Photograph of the Science Together celebration event at the University of Oxford’s Divinity School. © Andrew Bailey

Over the last ten months, community groups and organisations across Oxfordshire have been working with researchers and staff facilitators from the University of Oxford and Oxford Brookes University on a range of initiatives designed around local needs, perspectives, and interests.

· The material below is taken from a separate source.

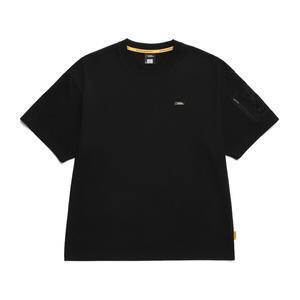 내셔널지오그래픽 N242UTS950 로우디 스몰 로고 소매 포켓 반팔 티셔츠 CARBON BLACK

This year’s Science Together collaborations have been co-developed with:

  • African Families in the UK – building bridges between scientists and young people living in Blackbird Leys, Oxford, by providing access to high-quality science education opportunities, to help inspire a new generation of STEM researchers and technicians from Oxford;
  • Cutteslowe Primary School – examining a new method of integrated learning for primary schools, to see how effective it is in supporting children with highly complex additional needs;
  • EMBS Community College – exploring the interaction between nature, learning, and wellbeing through a staff and student-led initiative to renovate an overgrown garden into a new vegetable patch;
  • MuzoAkademy II – delivering a programme of music-and-performance opportunities to help people in and around Oxford to develop a range of transferrable life skills;
  • Oxford Community Action – learning about lived experiences of sickle cell anaemia in the community, and sharing medical advances in new treatments with communities most likely to be affected;
  • Oxford Mutual Aid – examining improvements that could be made to the organisation’s supply chain and operational processes, to optimise the support it provides to people in Oxford who are struggling to make ends meet;
  • Oxford United in the Community – exploring how the harnessing of shared interests within a community through the expansion of Oxford United’s ‘Manor Club’ initiative might help to tackle loneliness and social isolation.